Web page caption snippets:
* * * * * * * * *

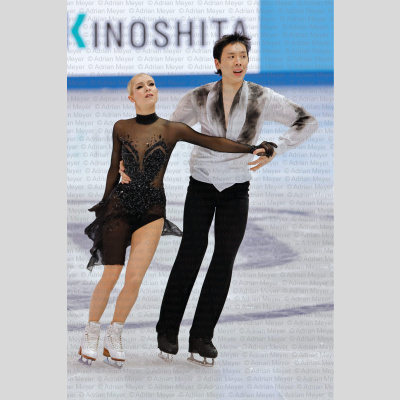 Holly HARRIS / Jason CHAN AUS [13]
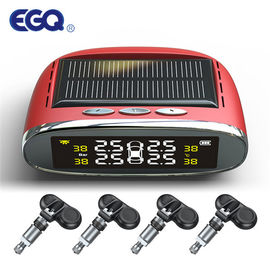 Moniteur interne de pression des pneus d'énergie solaire de Digital Tpms de 2,70 pouces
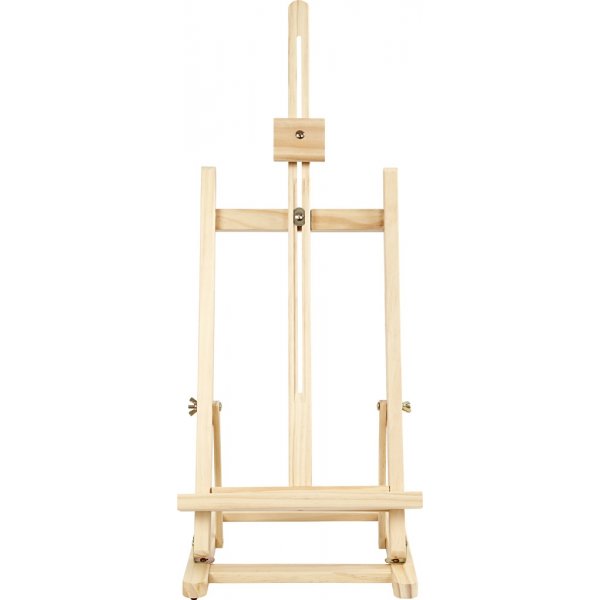 Tischstaffelei mit verstellbarem Winkel Tischstaffelei mit verstellbarem Winkel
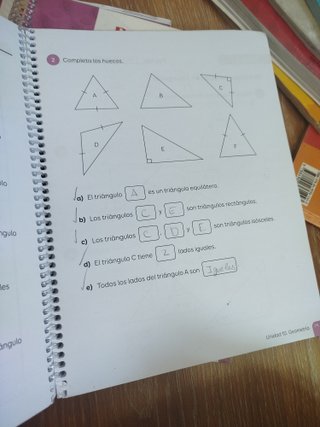 Libro piensa infinito matemáticas método Singapur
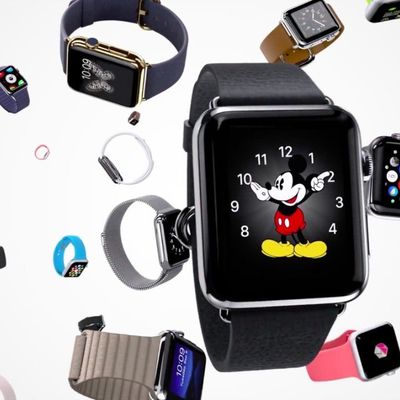 2015 Apple Watch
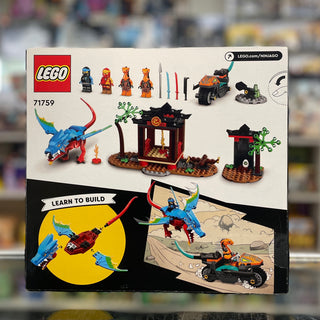 Ninja Dragon Temple 71759 Building Kit LEGO®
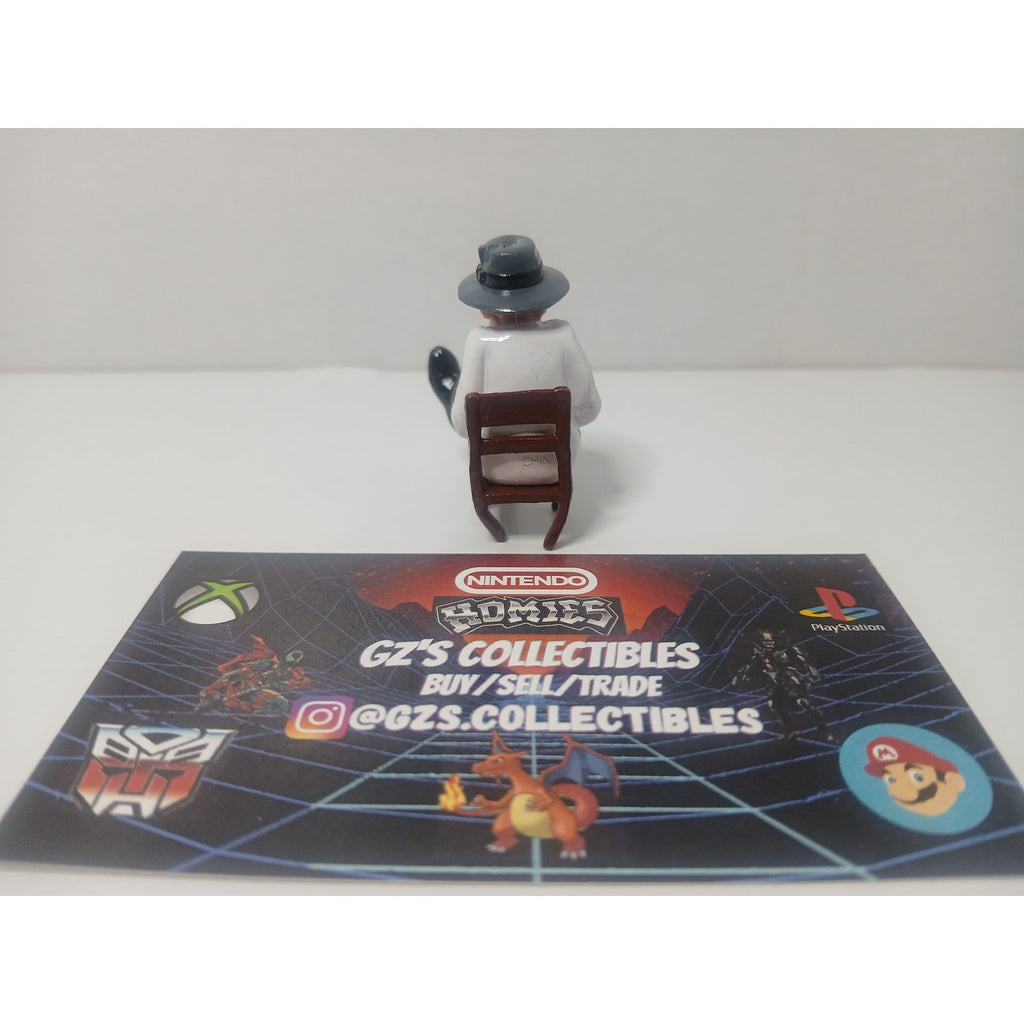 WIZARD SERIES 9 HOMIES FIGURE NEW FROM BLISTER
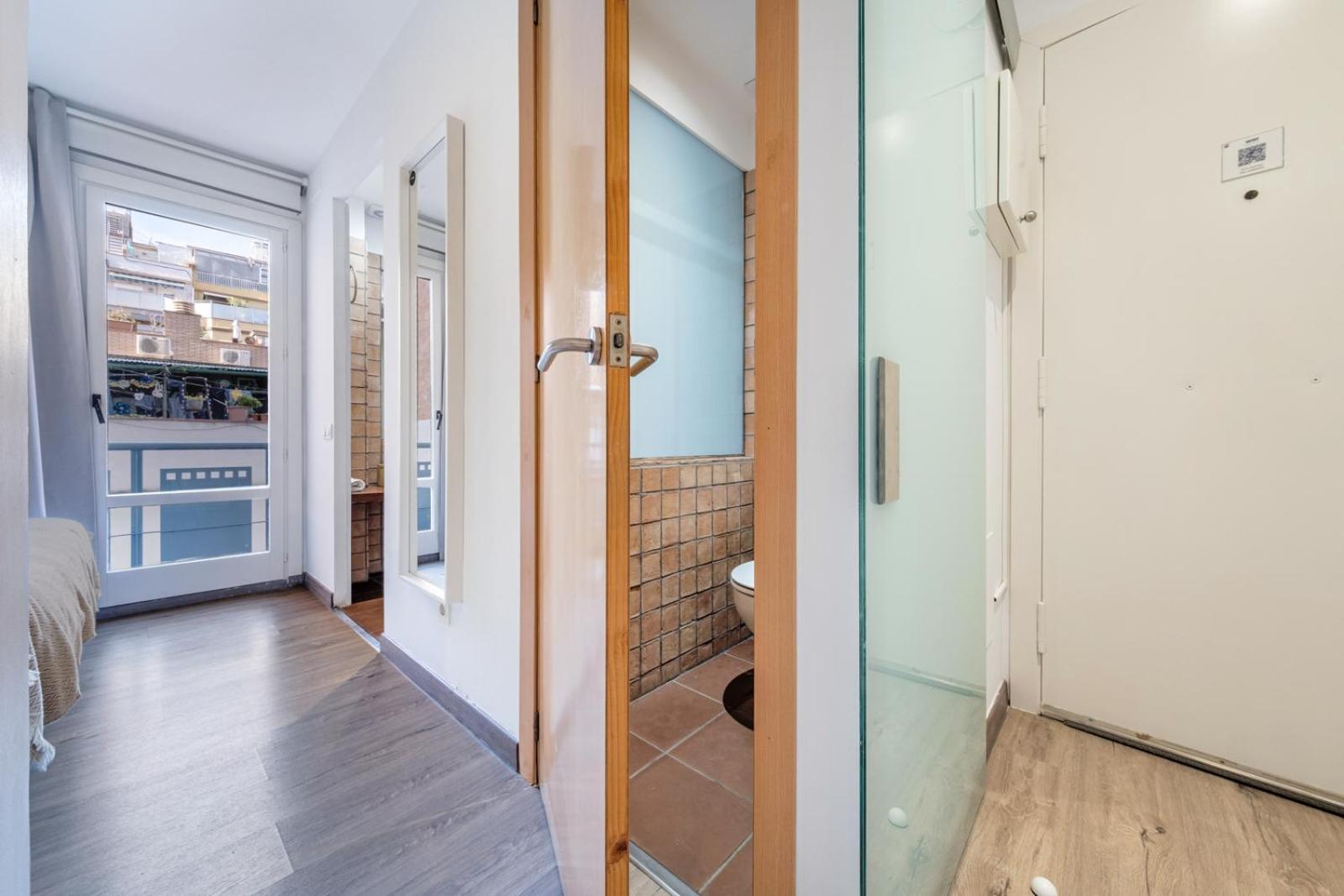 Caliu Apartments Barcelona - Fira ロスピタレート・デ・リョブレガート エクステリア 写真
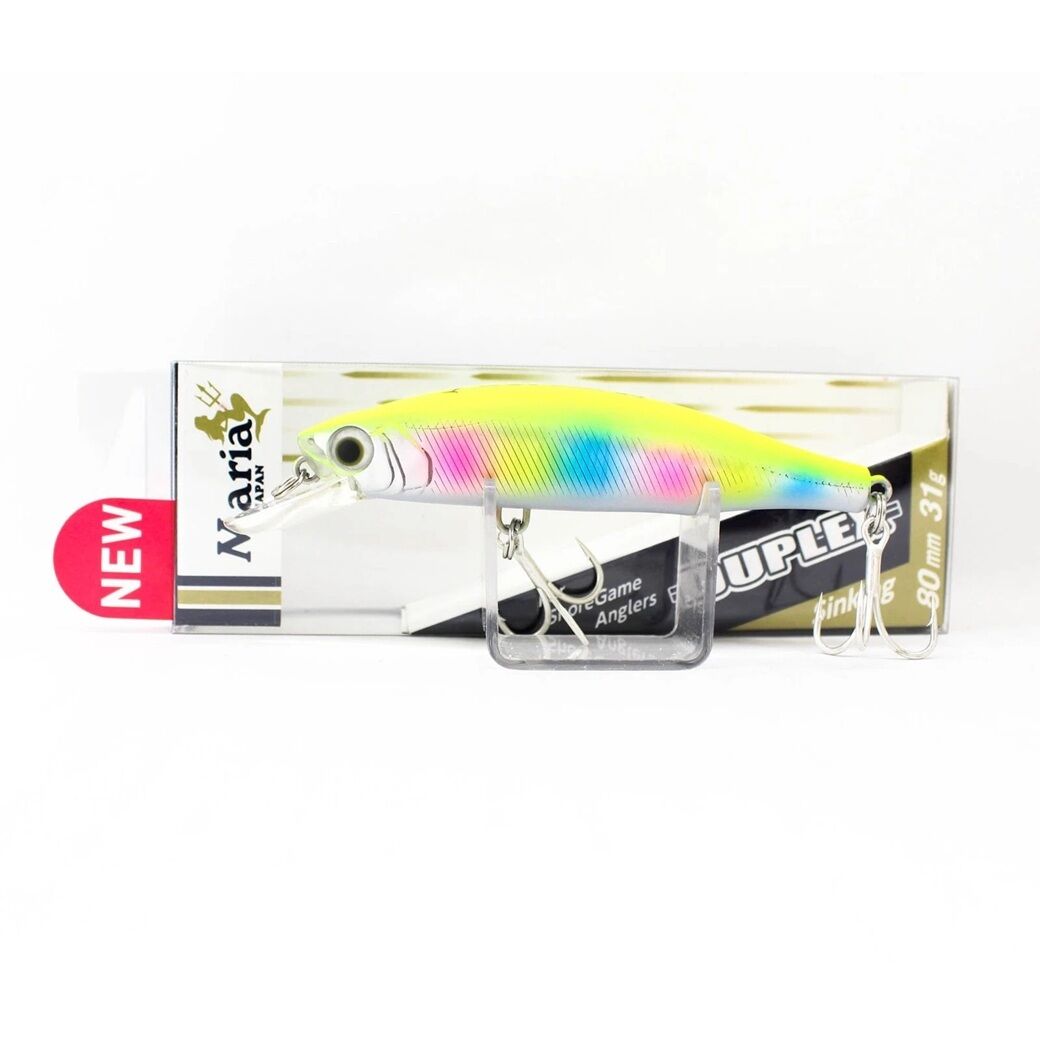 Maria Duplex 80 Maket Balık - 051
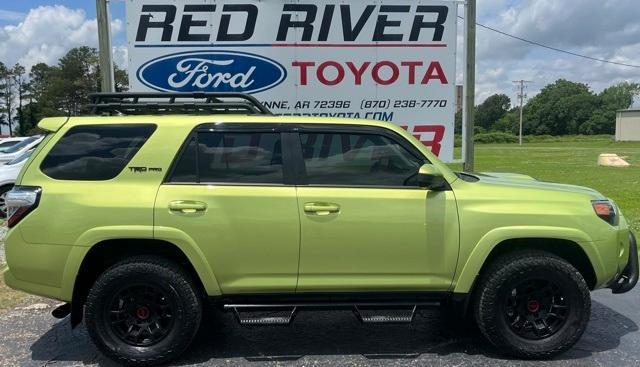 2022 Toyota 4runner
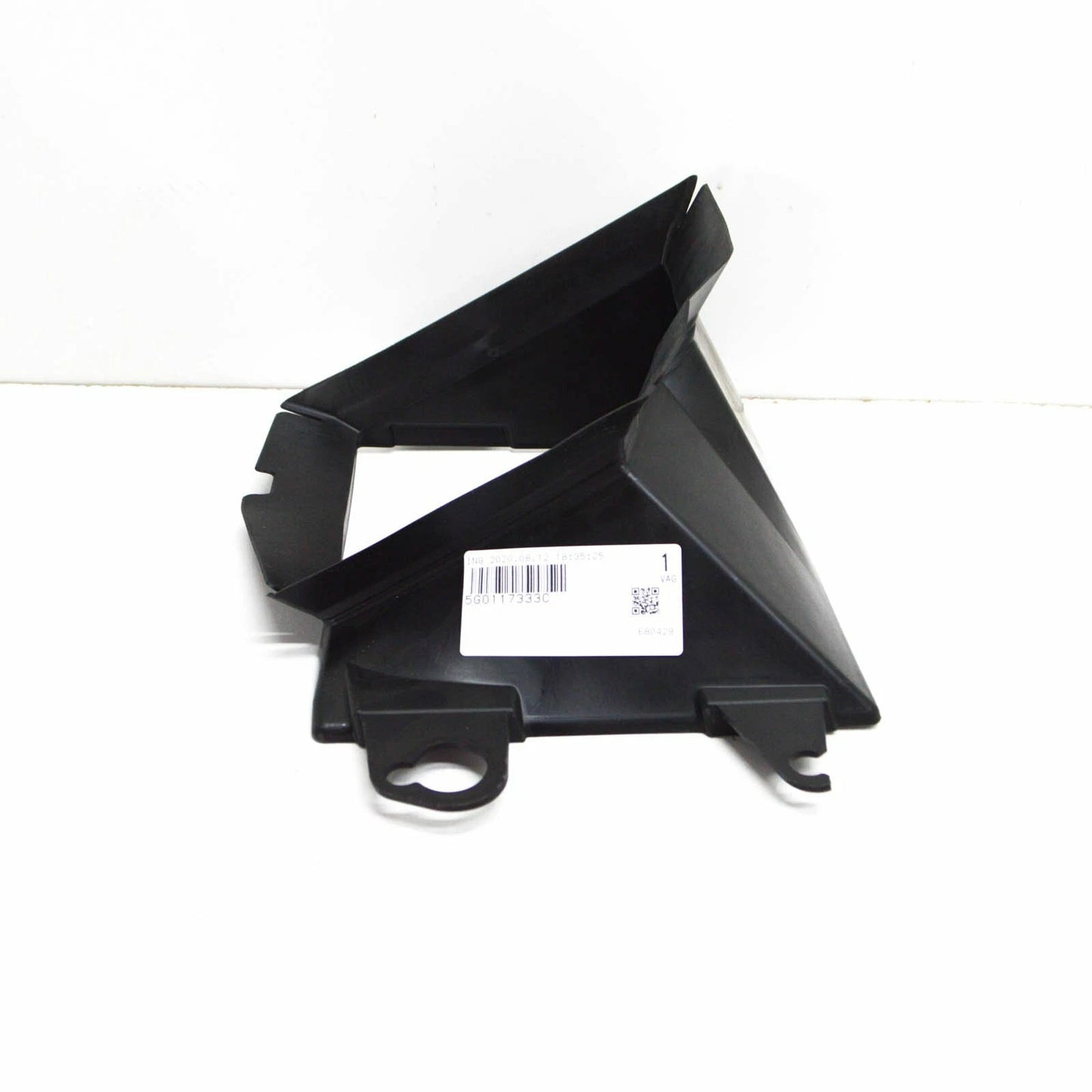 NEW VW GOLF R MK7 RADIATOR SUPPORT AIR DUCT LEFT 5G0117333C ORIGINAL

* * * * * * * * *

▶ **Exercise description**
Your answer must be a verbatim copy of the entries above, with no images included.

▶ **Answer to the exercise**
 Holly HARRIS / Jason CHAN AUS [13]
 Moniteur interne de pression des pneus d'énergie solaire de Digital Tpms de 2,70 pouces
 Tischstaffelei mit verstellbarem Winkel Tischstaffelei mit verstellbarem Winkel
 Libro piensa infinito matemáticas método Singapur
 2015 Apple Watch
 Ninja Dragon Temple 71759 Building Kit LEGO®
 WIZARD SERIES 9 HOMIES FIGURE NEW FROM BLISTER
 Caliu Apartments Barcelona - Fira ロスピタレート・デ・リョブレガート エクステリア 写真
 Maria Duplex 80 Maket Balık - 051
 2022 Toyota 4runner
 NEW VW GOLF R MK7 RADIATOR SUPPORT AIR DUCT LEFT 5G0117333C ORIGINAL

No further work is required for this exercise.